==== Records ====

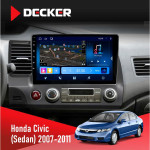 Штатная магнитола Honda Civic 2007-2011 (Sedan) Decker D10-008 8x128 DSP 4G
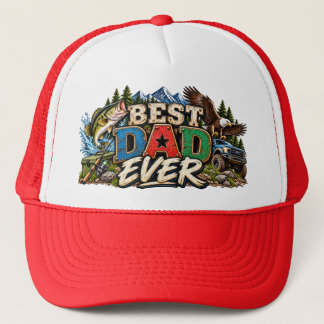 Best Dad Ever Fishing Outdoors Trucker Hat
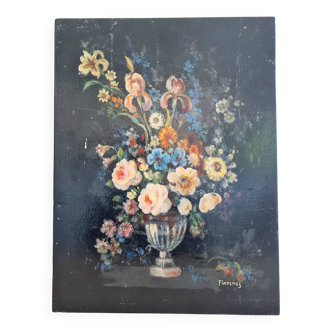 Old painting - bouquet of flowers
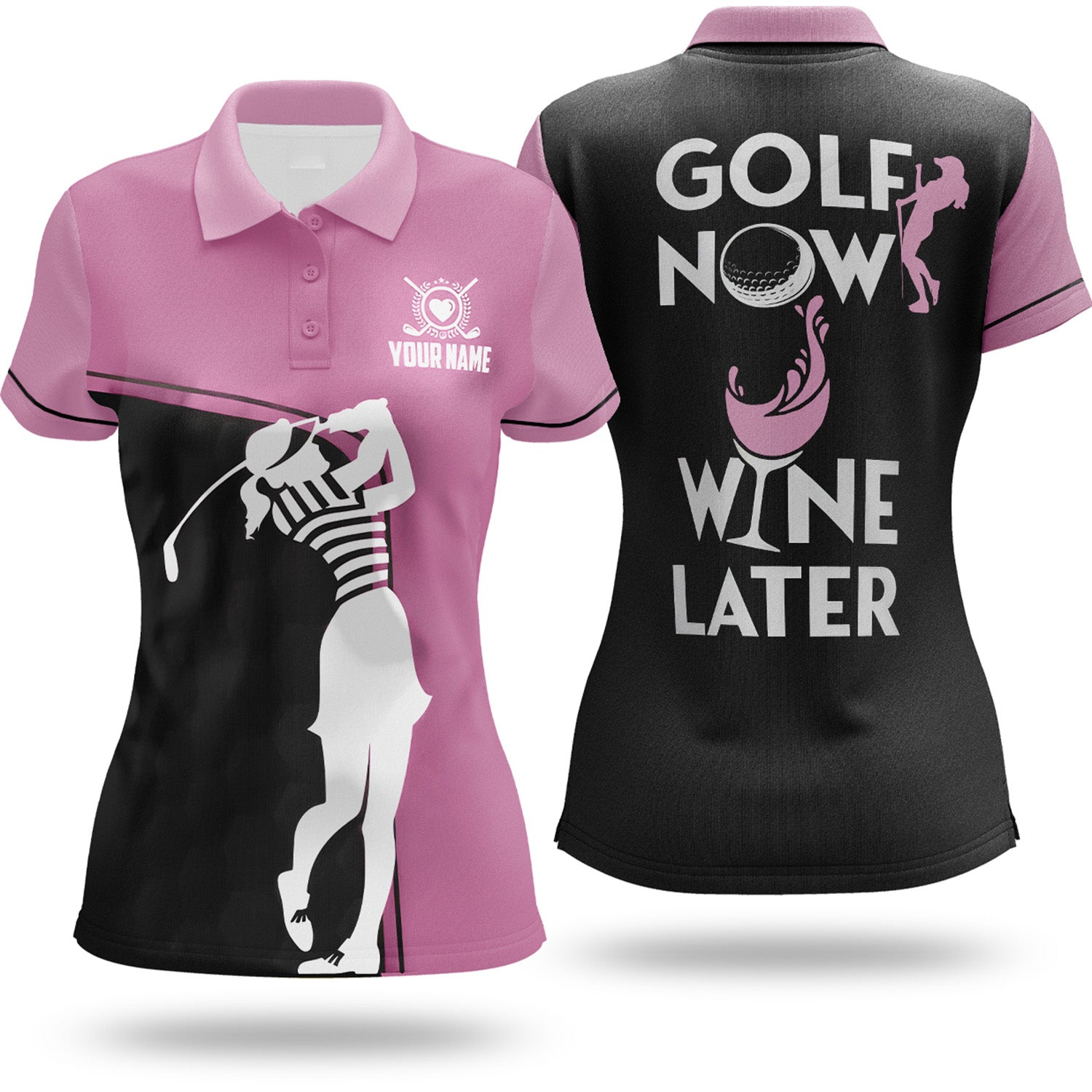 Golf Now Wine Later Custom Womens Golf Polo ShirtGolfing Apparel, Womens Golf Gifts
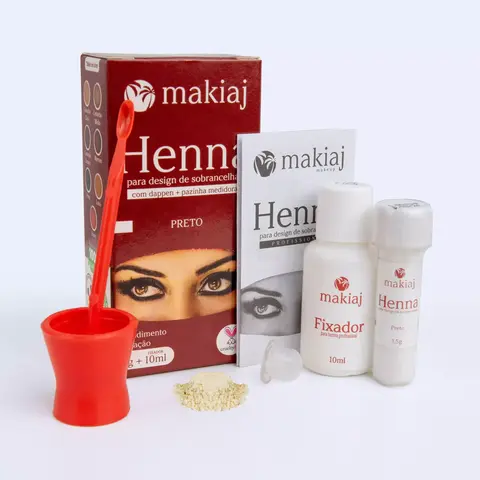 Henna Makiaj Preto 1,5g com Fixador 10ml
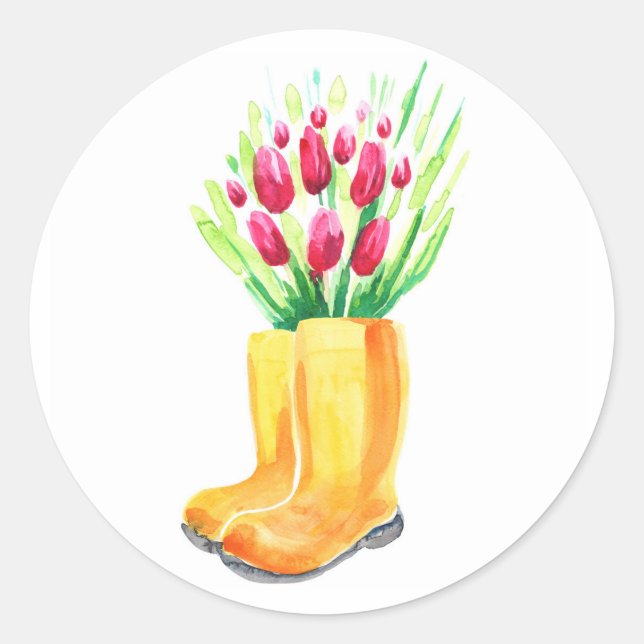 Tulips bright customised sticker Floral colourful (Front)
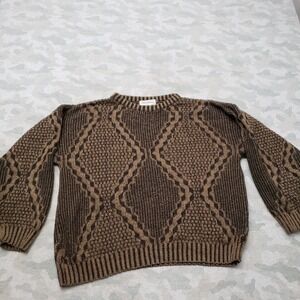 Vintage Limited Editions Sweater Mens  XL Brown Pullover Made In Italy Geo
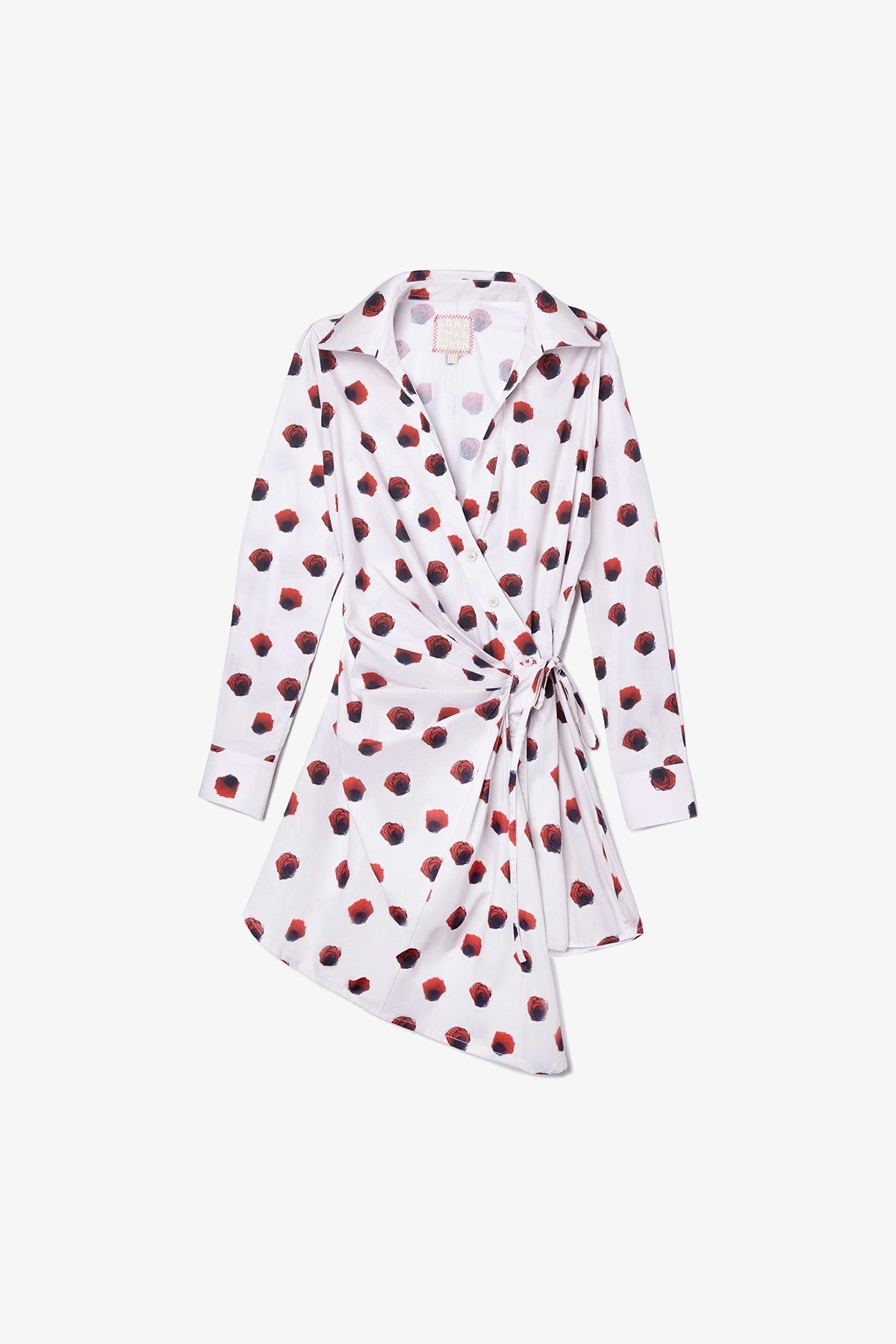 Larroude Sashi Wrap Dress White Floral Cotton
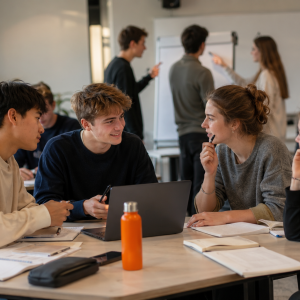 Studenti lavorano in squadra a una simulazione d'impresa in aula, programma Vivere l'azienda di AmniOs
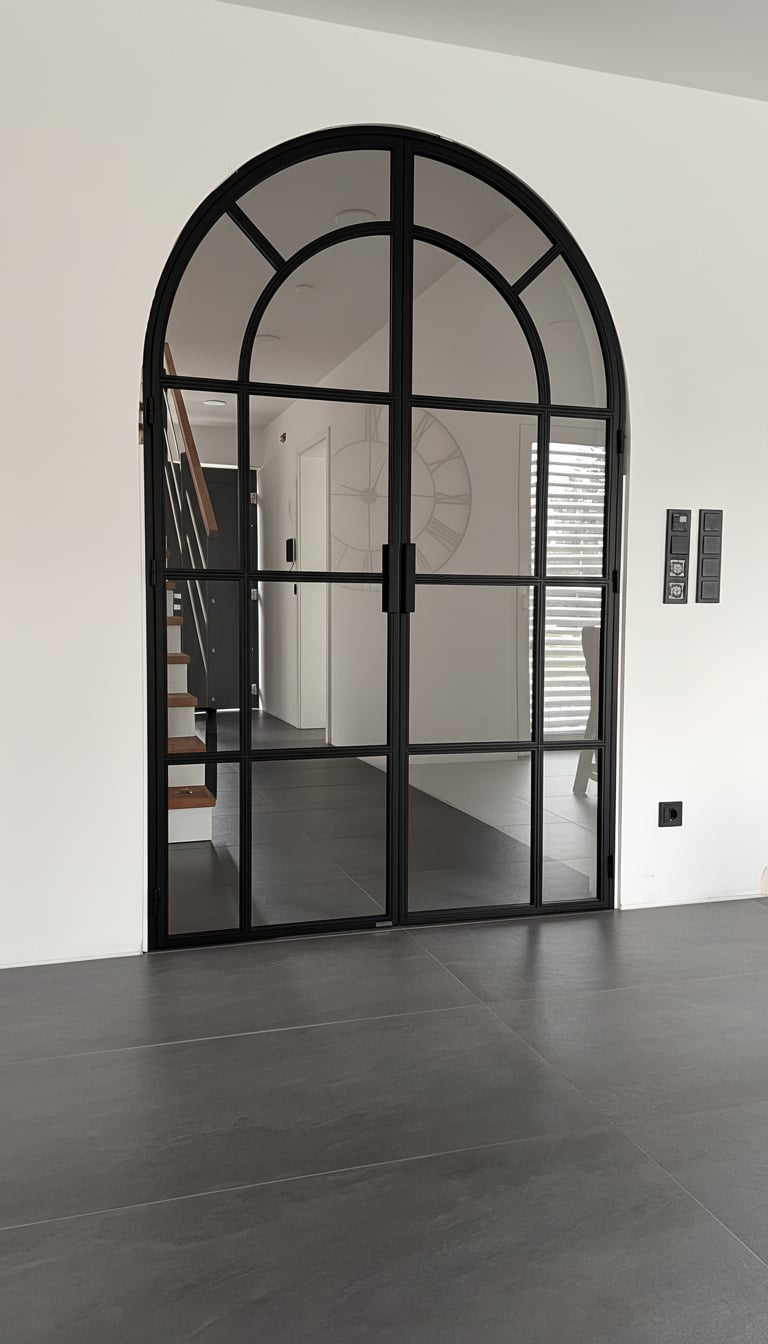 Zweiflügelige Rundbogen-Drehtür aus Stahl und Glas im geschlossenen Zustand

====

What you need to do
Repeat each line word for word, from the one with "Tulips bright customised" down to the last line of the data, and keep the pictures out of it.

Task solution
 Tulips bright customised sticker Floral colourful (Front)
 Vintage Limited Editions Sweater Mens  XL Brown Pullover Made In Italy Geo
 Larroude Sashi Wrap Dress White Floral Cotton
 Studenti lavorano in squadra a una simulazione d'impresa in aula, programma Vivere l'azienda di AmniOs
 Zweiflügelige Rundbogen-Drehtür aus Stahl und Glas im geschlossenen Zustand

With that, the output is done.